FEATURE: Add support for non-TorchVision datasets by hanyuone · Pull Request #77 · SVF-tools/ACT

hanyuone · 2026-06-09T06:33:51Z

This PR adds support for the CUB-200-2011 dataset, and creates a system that can support other non-TorchVision datasets which inherit torch.utils.data.Dataset.

Instructions to add a custom dataset type are in act/front_end/torchvision_loader/custom.

There is some dead code that I can get rid of in act/front_end/torchvision_loader/custom/cub, to increase coverage.

codecov · 2026-06-09T06:40:23Z

Codecov Report

❌ Patch coverage is 33.89831% with 39 lines in your changes missing coverage. Please review.
✅ Project coverage is 71.66%. Comparing base (e831a0f) to head (4f53a1c).

Files with missing lines	Patch %	Lines
.../front_end/torchvision_loader/data_model_loader.py	33.89%	39 Missing ⚠️

Additional details and impacted files

@@            Coverage Diff             @@
##             main      #77      +/-   ##
==========================================
- Coverage   71.81%   71.66%   -0.15%     
==========================================
  Files          86       86              
  Lines       14903    14941      +38     
==========================================
+ Hits        10702    10708       +6     
- Misses       4201     4233      +32

Flag	Coverage Δ
bab	`46.55% <3.38%> (-0.11%)`	⬇️
backend-float32	`48.96% <3.38%> (-0.12%)`	⬇️
backend-float64	`49.03% <3.38%> (-0.09%)`	⬇️
frontend	`38.43% <33.89%> (-0.07%)`	⬇️
pipeline-fuzz	`19.12% <3.38%> (-0.04%)`	⬇️
pipeline-verify	`38.14% <30.50%> (-0.07%)`	⬇️

Flags with carried forward coverage won't be shown. Click here to find out more.
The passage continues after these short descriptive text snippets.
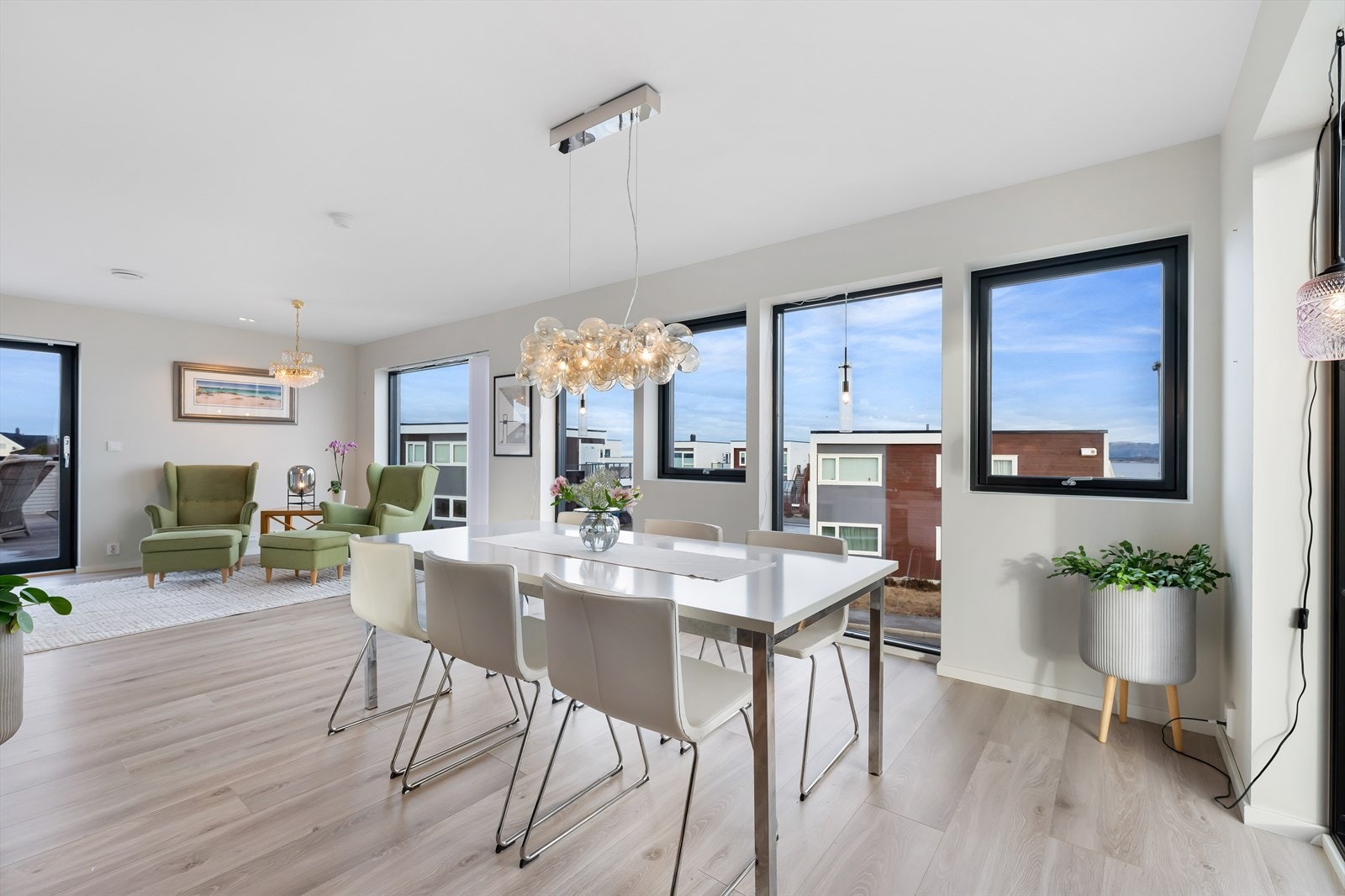 Legg merke til de store vindusflatene som strekker seg fra gulv til tak, og bidrar til godt med naturlig lysinnslipp og gjør rommet svært luftig Galleribilde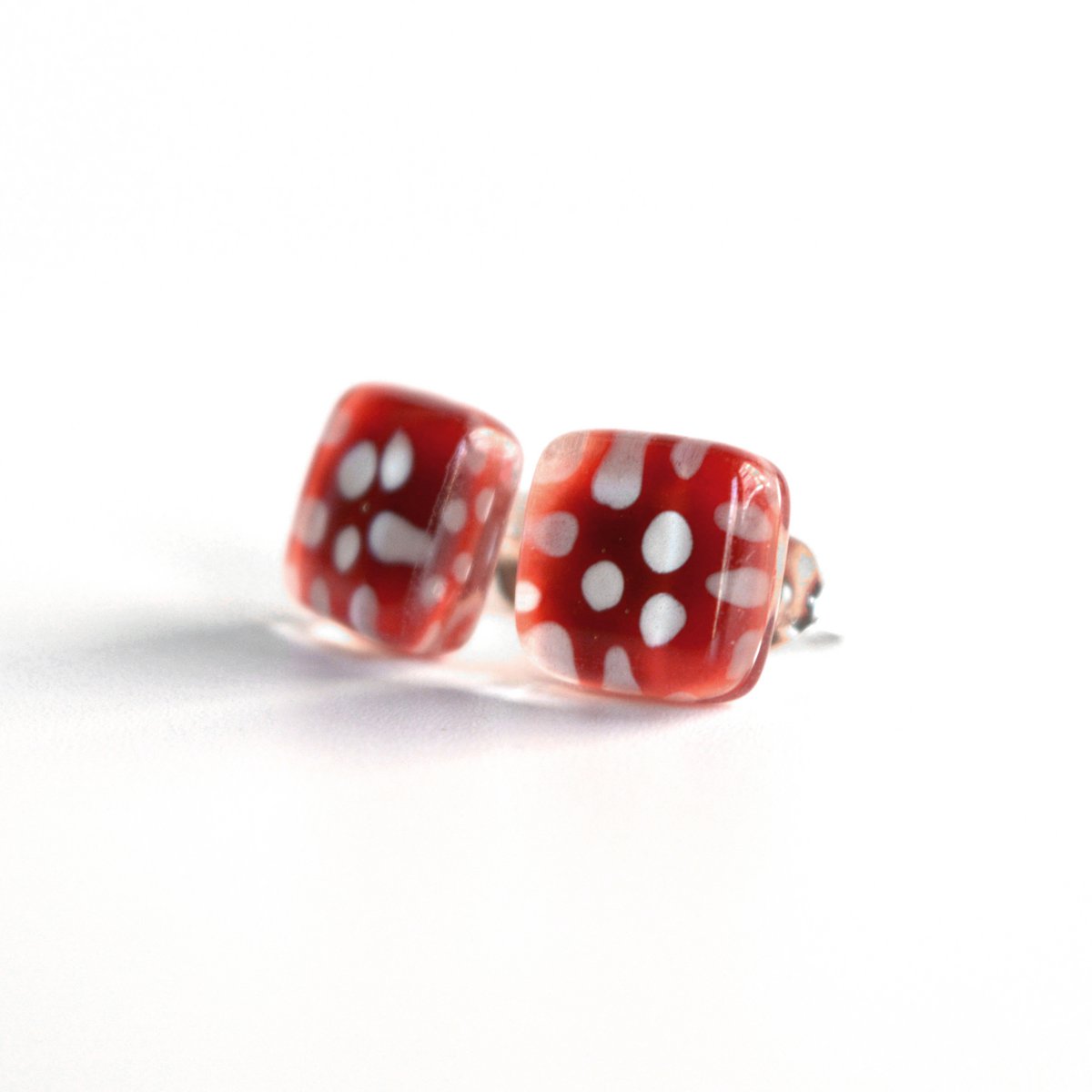 Kleine rode stippenoorknopjes met sterlingzilveren paaltjes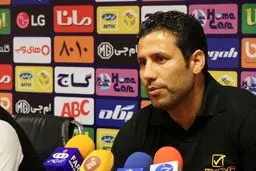 مهدی تارتار: داور بازی تحت تاثیر بازیکنان ملی‌پوش نفت بود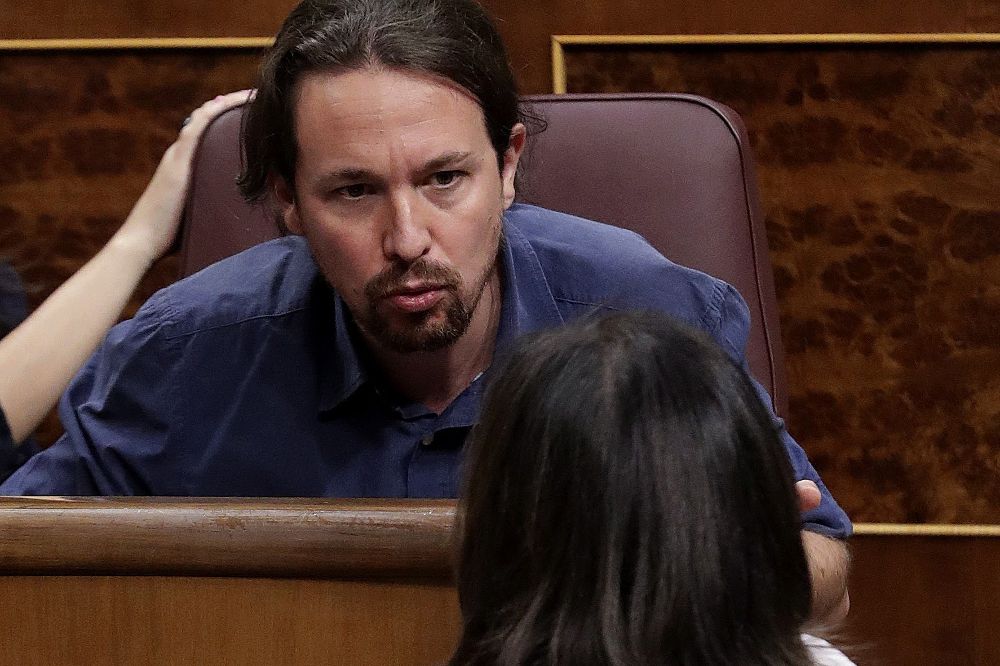 El líder de Podemos, Pablo Iglesias, conversa con la portavoz parlamentaria socialista, Margarita Robles.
Files with missing lines	Coverage Δ
...front_end/torchvision_loader/data_model_mapping.py	`80.00% <ø> (ø)`
.../front_end/torchvision_loader/data_model_loader.py	`56.26% <33.89%> (-2.96%)`	⬇️

... and 3 files with indirect coverage changes

Continue to review full report in Codecov by Harness.
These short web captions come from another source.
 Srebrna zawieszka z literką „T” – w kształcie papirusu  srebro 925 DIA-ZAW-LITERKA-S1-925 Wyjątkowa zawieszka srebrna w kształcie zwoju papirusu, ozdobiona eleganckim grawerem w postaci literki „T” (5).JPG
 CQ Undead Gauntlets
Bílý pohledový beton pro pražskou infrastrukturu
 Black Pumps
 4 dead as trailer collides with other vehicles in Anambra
Legend - Click here to learn more
Δ = absolute <relative> (impact), ø = not affected, ? = missing data
Powered by Codecov. Last update e831a0f...4f53a1c. Read the comment docs.

🚀 New features to boost your workflow:

❄️ Test Analytics: Detect flaky tests, report on failures, and find test suite problems.

guanqin-123 · 2026-06-09T08:19:20Z

As discussed, can you have a new key as a dataset link with the url to download, specifically to CUB200? Then, the cub folder and the following code in the new files are not needed.

guanqin-123 · 2026-06-09T08:21:08Z

This is redundant, we store our model and data in the /data folder.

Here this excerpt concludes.